The web tool developed to capture the respondents’ data is shown in Fig. 1. It is a tool with little information overload to focus on the task at hand. The survey begins with one (1) brief contextual description. Then, (2) the user advances to the first question (3), in which they must decide which of the two images at the regional level best segments the space. (4) A text box allows capturing user comments for optional use. Then the user advances (5) to the next question, in which they must choose between one of the images at the community level. For example, (6) the task is addressed in the commune of Santiago. (7) A text box allows capturing user comments for optional use. Then the user advances (8), and the poll ends by recording the user’s answers (9).

Figure 1
figure 1

The web tool developed to capture the respondents’ data. The task is to decide which of the two displayed images best segments the indicated area. Users are asked to solve this task both at the regional level and at the commune level. In the example, the user must decide at the global level and then at the communal level for Santiago

The tool was designed to be responsive and accessed from mobile devices and desktops. It is available at

3 Results

3.1 Data preprocessing

The data was preprocessed using PCA. To do this, we ran PCA per group, these being social, visual, and land use features. For the visual features, the first two principal components captured 95% of the variance at the level of urban blocks. In the case of social characteristics, the first two principal components capture 84% of the variance. Meanwhile, four components were required to capture 85% of the variance for land use. No critical changes were detected in this analysis when processing at the level of individuals.

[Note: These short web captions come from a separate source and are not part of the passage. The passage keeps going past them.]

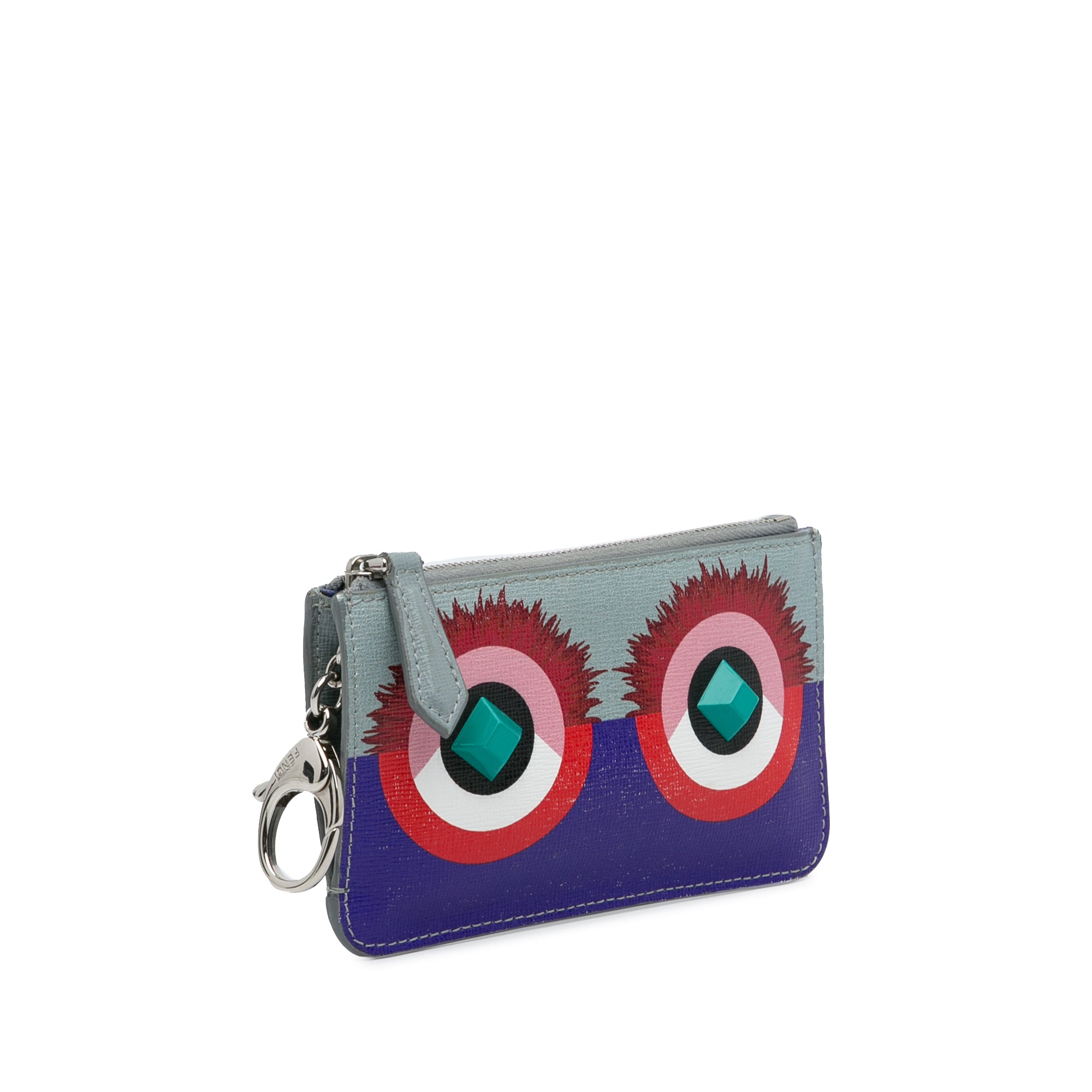 Monster Key Pouch_1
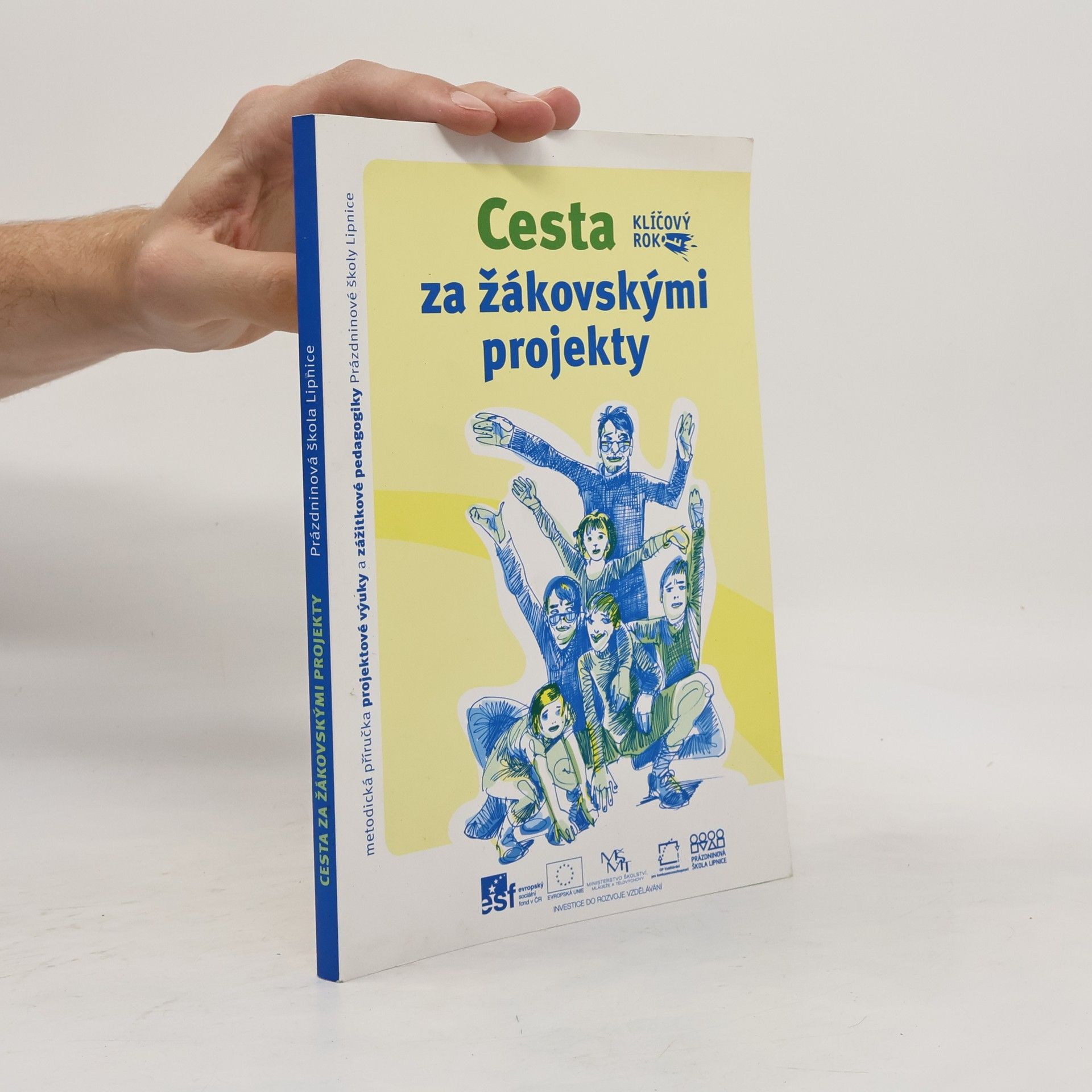 Cesta za žákovskými projekty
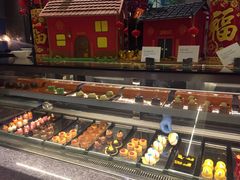 -解放碑威斯汀酒店-知味国际美食餐厅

Then, we tested different concentric rings over the range of walking distances [2]. The idea is to smooth the feature vectors from an aggregate feature calculation involving nearest neighbors. The notion of proximity used is the Euclidean distance between territorial units. We tested for radii in the walkable range for concentric rings between 200 and 600 meters in radius for the local level. We compared the consistency of different clustering solutions for these values without finding inconsistencies in the observed range. Then, we used three concentric rings of 200, 400, and 600 meters in radius to compute the vector features. The idea of using three components is that the neighbors within the first ring will be counted three times, those in the second that are not in the first are counted twice, and those in the third that are neither in the first nor the second are counted only once. The aggregation function is a simple average. In the case of the region, we tested for radii between 500 and 1500 meters in radius. We compared the consistency of different clustering solutions for these values without finding inconsistencies in the observed range. Then, we used three concentric rings of 500, 1000, and 1500 meters in radius to compute the vector features.

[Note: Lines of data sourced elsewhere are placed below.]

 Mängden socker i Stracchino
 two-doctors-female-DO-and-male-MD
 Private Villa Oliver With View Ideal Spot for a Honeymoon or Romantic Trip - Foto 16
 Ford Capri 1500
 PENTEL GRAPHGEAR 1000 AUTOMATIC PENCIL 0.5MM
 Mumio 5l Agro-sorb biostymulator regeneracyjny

Data release. We release the data used in this study into two datasets. The first dataset was computed at the level of urban blocks. The second dataset was computed at the level of individuals. We release PCA features for both datasets. The data is available for open access under Creative Commons Attribution 4.0 International license at:

3.1.1 DMON calibration

In order to calibrate the relevant hyperparameters of DMON, we took a qualitative approach: we contrasted our knowledge of the city with the outputs delivered by the model. As mentioned before, Santiago is a highly segregated city, with several well-known sectors and neighborhoods that we expect to be detected as clusters in any reasonable solution. These expected sectors allow us to discard hyperparameter configurations that consistently provide unrealistic clusters. By executing this scheme, we avoid degenerate or ill-formed urban clusters and provide a cleaner and more interpretable dataset for the empirical validation.

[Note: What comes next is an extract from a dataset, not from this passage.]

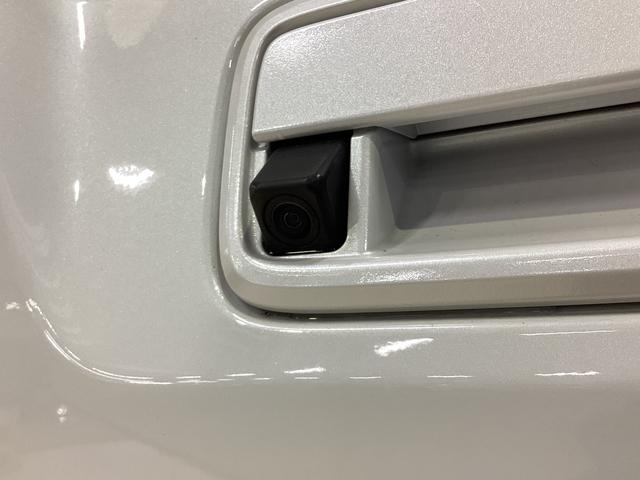 ハイゼットカーゴクルーズ ディスプレイオーディオ バックカメラ 地デジディスプレイオーディオ フルセグチューナー バックカメラ プッシュボタンエンジンスタート LEDヘッドライト コーナーセンサー マニュアルエアコン オートライト スマートアシスト ホイールキャップ(京都府)の中古車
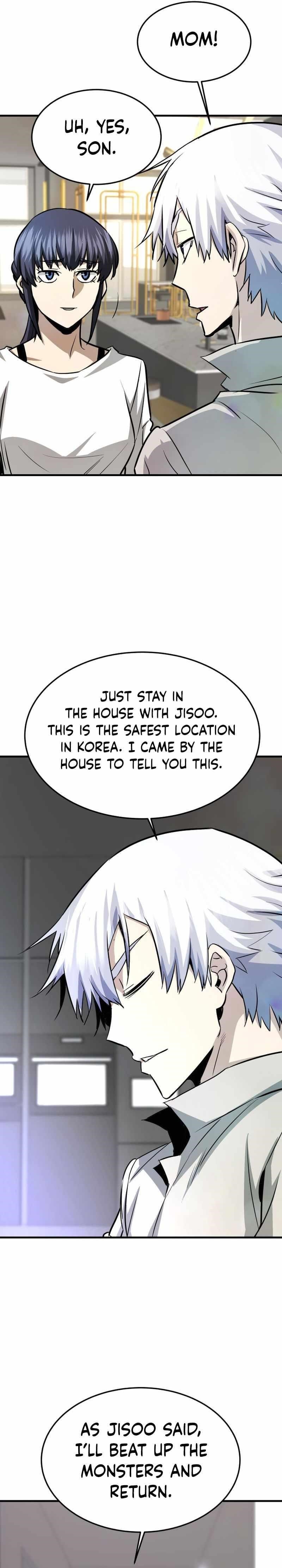 Han Dae Sung Returned From Hell Chapter 71 - Page 27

We start the process by calibrating \(\rho _{\mathrm{max}}\), which captures the maximum distance between two connected graph nodes representing territorial units. We tested the effect of this parameter in the maps generated by DMON on the whole city of Santiago, using all the features. We worked with reg = 1.0, dropout = 0.0, and four clusters. Using urban blocks as territorial units, we tested three different radii, 55 meters, 155 meters, and 1550 meters. The rationale behind selecting these radii is to compare walkable distances with long distances. The results are shown in Fig. 2.

Figure 2
figure 2

\(\rho _{\mathrm{max}}\) calibration. For high values of ρ, the local structures of the clusters are lost. The best results are obtained for ρ in walkable ranges, between 55 and 155 meters around each territorial unit

Figure 2 shows that local cluster structures are preserved when using \(\rho _{\mathrm{max}}\) at small distances. However, some local structures are lost when we use a long distance to compute the adjacency matrix. This effect can be observed both for 155 meters and 1550 meters, where the high-class neighborhood of the region mixes with the downtown. This effect is undesirable since both territorial areas are different. Accordingly, \(\rho _{\mathrm{max}}\) was fixed at 55 meters, corresponding to a local grid of urban blocks connected with their immediate neighbors (8 neighbors).

To calibrate the collapsed regularization factor, we tested four values: 0.0, 0.1, 0.9 and 1.0. The idea is to test the effect of these parameters on the maps generated by DMON using experimental settings with low and high presence of the regularizer. These maps were produced using 20 clusters, with dropout = 0.0 and urban blocks based on all the features. The maps are shown in Fig. 3.

Figure 3
figure 3

Collapsed regularizer calibration. As the presence of the regularizer increases in the objective function, more local structures appear. The best configuration is obtained with reg = 1.0, where the local structures are easily distinguishable from each other

Figure 3 shows that by not using a regularizer, the clusters collapse. As the presence of the regularizer increases in the objective function, more local structures appear. The best configuration is obtained with reg = 1.0, where the local structures are easily distinguishable from each other. In fact, for reg = 0.9 and reg = 1.0, most of the city’s well-known urban sectors and milestones are preserved in the generated maps. However, when using reg = 0.9, the high-income area of the region is merged with the downtown area. On the contrary, in the case of reg = 1.0, the downtown and high-income areas are easily distinguishable.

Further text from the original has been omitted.